Pour la toute première fois, le M23-AFC et le Gouvernement congolais ont communiqué officiellement sur les pourparlers tenus à Doha. Dans une déclaration conjointe, les représentants de la République démocratique du Congo et ceux du mouvement armé ont annoncé avoir convenu de « travailler à la conclusion d’une trêve », en vue d’un cessez-le-feu effectif.
Est-ce le début d’un tournant dans les discussions ? Et qu’est-ce qui change concrètement ? Ce n’est pas encore un accord de cessez-le-feu. Ce n’est pas non plus une trêve. À ce stade, c’est une déclaration d’intention : un communiqué dans lequel les deux parties affirment avoir convenu de travailler ensemble à un accord.
Comme l’annonçait déjà RFI, ce texte était prêt depuis le 17 avril. Il avait été élaboré quatre jours après la fin des discussions directes entre les délégations de deux parties dans la capitale Qatarie. Il ne manquait plus que l’approbation formelle du Président Félix Tshisekedi. C’est désormais chose faite : le chef de l’État congolais a donné son feu vert. Et le document a été publié dans la foulée, conjointement par les parties. La prochaine étape ? Il s’agit maintenant de respecter les engagements pris, avant d’ouvrir un véritable dialogue de fond.
Parmi ces engagements : le rejet des intimidations et la volonté de créer un climat propice aux échanges. Le dialogue attendu doit porter, selon les deux parties, sur les causes profondes du conflit et sur les modalités concrètes pour mener la paix dans les territoires de l’Est.

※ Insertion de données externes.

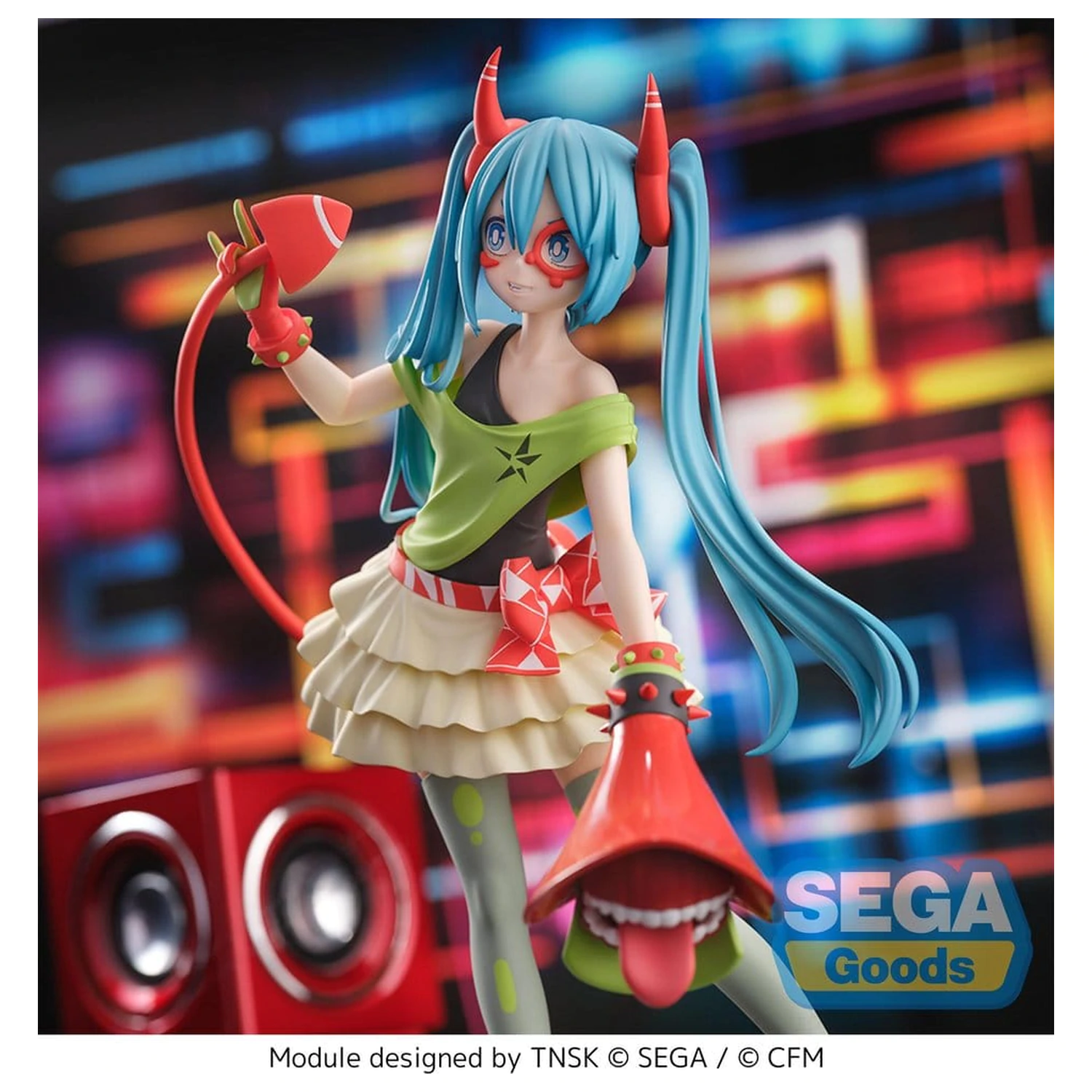 Hatsune Miku Project DIVA X FIGURIZMa PVC Figur Hatsune Miku DE:MONSTAR T.R. 22 cm Produktfoto
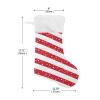 Kcldeci Christmas Stockings 17 inch Merry Christmas Xmas Stockings Socks Fireplace Hanging Stockings for Family Christmas Decoration view 2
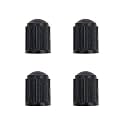 Universal Tire Valve Stem Caps | Plastic Dustproof Air Valve Covers for Car, Bike, Bicycle, Motorcycle & Truck | Universal Fit Easy Grip Screw-On Tire Stem Covers for Wheels (Set of 10)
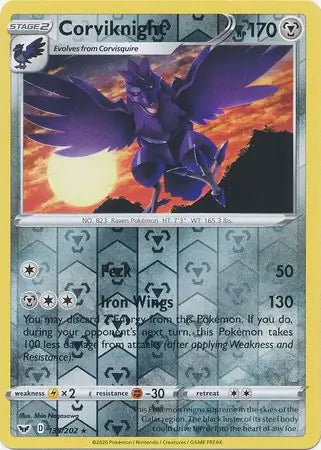 Corviknight 135/202 - Sword & Shield Base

Cette annonce intervient aussi au lendemain d’une rencontre entre le ministre d’État qatari Mohammed Al-Khulaifi, en charge du dossier, et Massad Boulos, le nouveau conseiller principal pour l’Afrique à la Maison Blanche. Une rencontre qui s’inscrit dans les efforts conjoints pour favoriser une désescalade durable dans la région.